Home / Tech & IA / Building a UFO Sightings Dashboard: A Full-Stack Data Visualization Case Study

Building a UFO Sightings Dashboard: A Full-Stack Data Visualization Case Study

app screenshot

This article walks through the complete development of an interactive UFO sightings dashboard — from raw data sourcing and preprocessing, through geocoding 200,000 records, to a production React application with maps, charts, and filters. The app is live at parallel-perspectives.com/infographics/ufo-sightings-dashboard/.

1. Project Overview

The goal was to build an explorable, data-driven interface around NUFORC (National UFO Reporting Center) sighting reports spanning 1905 to 2023 — 147,890 records in total.
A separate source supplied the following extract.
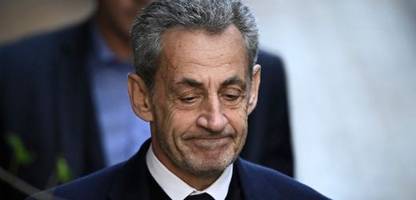 Nicolas Sarkozy: Ex-Präsident nutzt Buch als PR-Coup nach Haftentlassung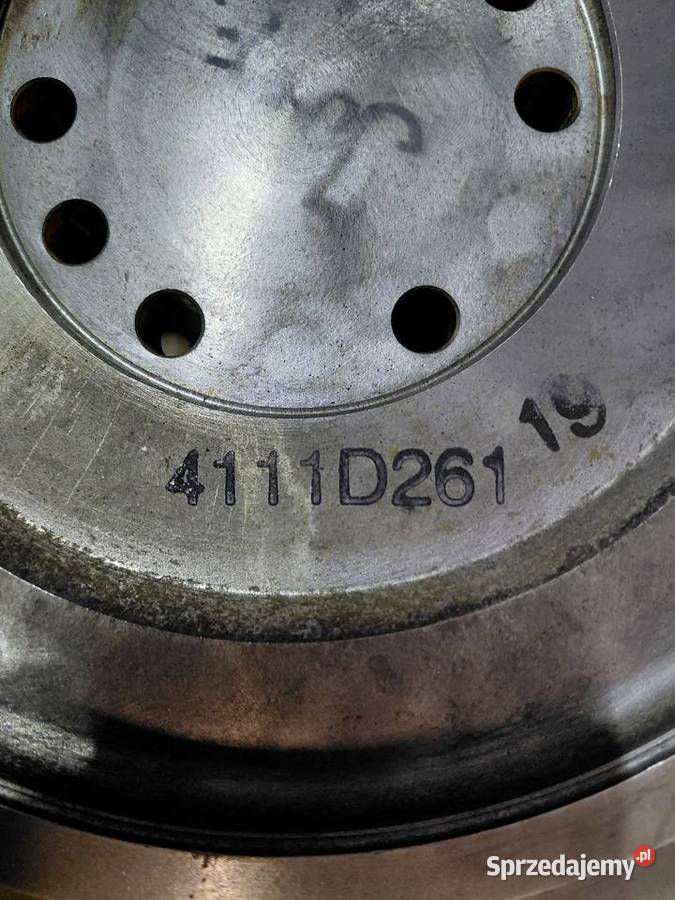 Koło Zamachowe PERKINS 4111D261 Porąbka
The dashboard needed to support:

  • A filterable world map with marker clustering
  • Year, shape and country filters with URL-persisted state
  • KPI cards and a full chart section
  • A searchable event table with map focus
  • A CSV export feature
  • Dark mode support throughout

The tech stack: React, Webpack, Leaflet + leaflet.markercluster, Recharts, Tailwind CSS, and a Python preprocessing pipeline.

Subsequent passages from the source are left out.